With Professor Xavier (James McAvoy) ushering his school for mutants into an era of peace, an ancient being known as Apocalypse (Oscar Isaac) awakens in Cairo and gathers his four Horsemen – Magneto (Michael Fassbender) among them – to bring about the end of this world. While Mystique (Jennifer Lawrence) works to protect the mutants from humanity, it’s up to the next generation of X-Men – Jean Grey (Sophie Turner), Cyclops (Tye Sheridan), Quicksilver (Evan Peters), and Nightcrawler (Kodi Smit-McPhee) – to save the world from the threat of Apocalypse.
With the continuity reconstructed in the wake of Days of Future Past, Singer is free to carve out a path toward the present day with access to the full range of X-characters, regardless of whether they live, die, love, or hate in the other films. There’s something liberating about not knowing precisely whether Magneto is on the side of good or evil in this one, a line which Fassbender embodies even without much dialogue to lean on. Ditto for the introduction of Scott “Cyclops” Summers and Jean Grey, whose courtship (if one can call it that) is only just beginning; we don’t know if they’ll end up the squabbling starter-marriage from X-Men, but Turner and Sheridan are fun to watch and bring the characters to life with some very subtle yet comics-accurate hand gestures (Jean’s fingers on her temple, Scott’s dial-controlled visor).

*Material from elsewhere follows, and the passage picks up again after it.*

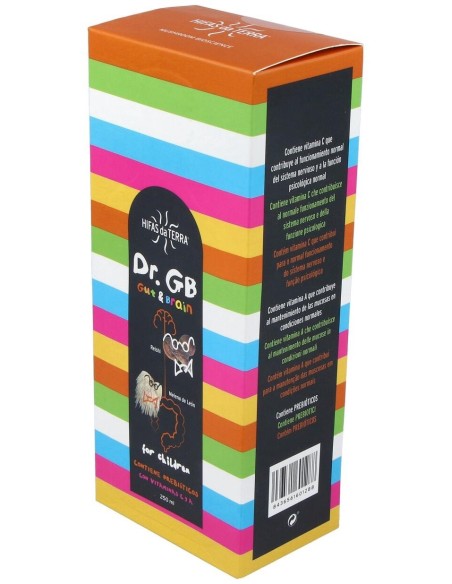 Jarabe Dr. GB Gut & Brain 250Ml de Hifas Da Terra - Hdt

And for all that X-Men: Apocalypse blusters on about the end of the world and the fate of mutantkind, it’s surprising that the film ends up being rather fun and incredibly human in its very personal scale. Like the Avengers movies, which have found great success in seeing its heroes out of costume, lounging about Stark Tower, X-Men: Apocalypse is at its most engaging when the X-Men recruit Nightcrawler for an impromptu trip to the mall as “a matter of national pride” (though an Avengers film might have showed said trip), or as Cyclops learns to master his abilities. It’s hard to say if there’s a real star in this film, because the X-Men are at their best when the ensemble cast is allowed to share the screen.
If this is the ensemble going forward, the more the better. While McAvoy, Fassbender, and Lawrence continue to powerhouse their way through the prequels, they’ve indicated they might not be back for a fourth outing together. It’d be a shame, to be sure, but I wouldn’t mind seeing the film continue to develop Storm and Jubilee, the latter of whom doesn’t get to display her powers just yet, and Singer’s recent tease that the next film will go to space is extremely promising for the wealth of source material on which he can draw. (Phoenix Redux, anyone?)
There have been some complaints about Apocalypse as an undercooked cliché of a villain, though I think that you need a colossal world-ending event to justify bringing together the X-Men, particularly after the last two prequels have dealt with less cosmic threats and more personal dangers (Kevin Bacon’s Sebastian Shaw, though looking to heat up the Cold War, was also a personal foil for Magneto). It is a shame to put an actor as talented as Oscar Isaac beneath all the prosthetics and makeup that go into Apocalypse, but Isaac acquits himself well with the villain’s ego and powers of persuasion. If you want a grounded superhero battle, Captain America: Civil War is still in theaters (and it holds up), but the X-Men demand something more fantastical.
To the heap of well-crafted, Singer-helmed X-titles, I have to add X-Men: Apocalypse, more fun than it promises and just as compelling as its predecessors. The final battle doesn’t leave much room for surprise (how many permutations of averted catastrophe are there?), but the road getting there is as good as anything we’ve seen yet. Singer proves himself the X-King; long may he reign.
X-Men: Apocalypse is rated PG-13 for “sequences of violence, action and destruction, brief strong language and some suggestive images.”